Es como una cita imprescindible de las estancias en la isla: buscar una tarde, adentrarse en ese Tiburón terrestre y dejarte llevar, disfrutar de su música, del ambiente, del paisaje, del entorno, del mar… Y esperar a ver la puesta de sol. Cuando estoy en Formentera, con frecuencia pienso que igual hemos viajado mucho y muy lejos, para valorar más y mejor lo que tenemos muy cerca.
Bastan apenas poco más de 82 kilómetros cuadrados, con 28 kilómetros de largo, para sumergirse en una isla con una mezcla única entre la belleza de sus playas, lo alternativo de su ambiente, la serenidad que preside todas las actividades y todo en un marco de baja edificabilidad; algo que, por otra parte, ha disparado los precios de cualquier casa.

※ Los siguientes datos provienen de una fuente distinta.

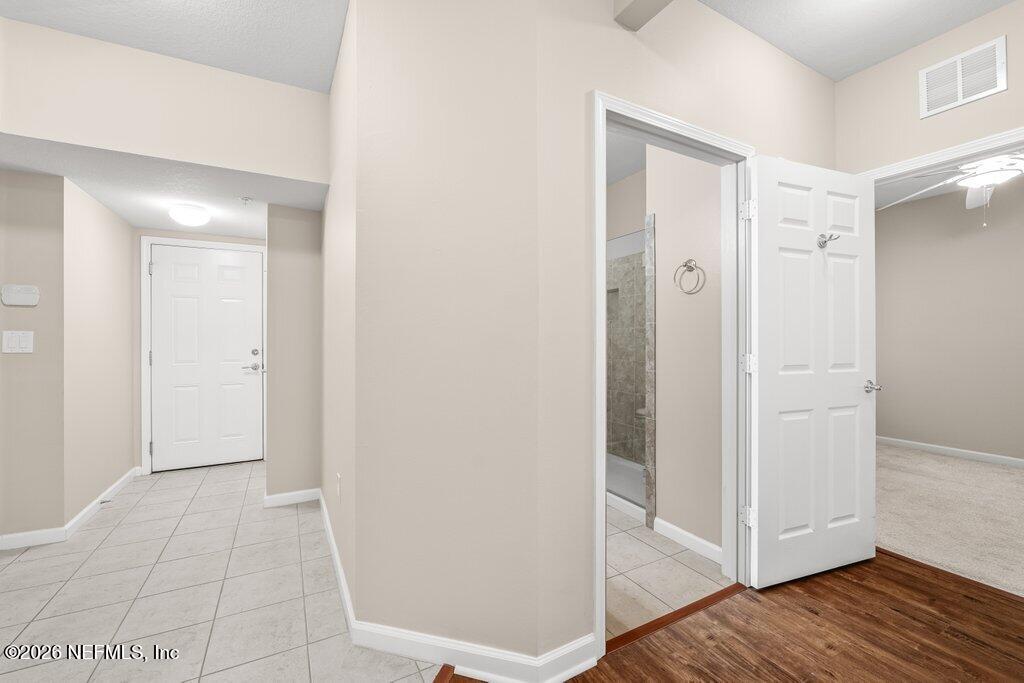 8757 Little Swift Circle, Unit 22F Jacksonville, FL 32256 - Photo 10 of 46 a view of a bathroom with wooden floor
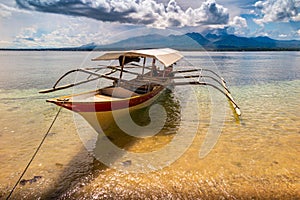 Small boat on the green ocean with mountains in the background, Maluku, Indonesia photo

Su origen como destino turístico en los años 60 y 70 quedó marcado por un movimiento hippy que buscaba relax y tranquilidad y esto ha calado en la idiosincrasia de la isla. Quien la visitaba quedaba impresionado.
Playa de Illetes
En los 70 y 80 se inició un fuerte boom turístico; empezó a ser un destino deseado por los alemanes, aunque últimamente, desde hace unos pocos años es una isla casi tomada por italianos. A pesar de ello, no deja de ser nuestro pequeño tesoro, el que tenemos muy cerca y al que siempre deseamos volver. Esa es la fuerza cautivadora de Formentera.
La playa de Illetes me parece sublime y cuando estoy en la isla, siempre encuentro una mañana para disfrutar de ella. Situada en el parque natural de Ses Salines, es un auténtico paraíso. Si no has estado en ella y no la conoces, no lo dudes, es una visita imprescindible por su belleza y porque, en muchos aspectos, está considerada una de las mejores del mundo: blanca, cristalina y apetecible.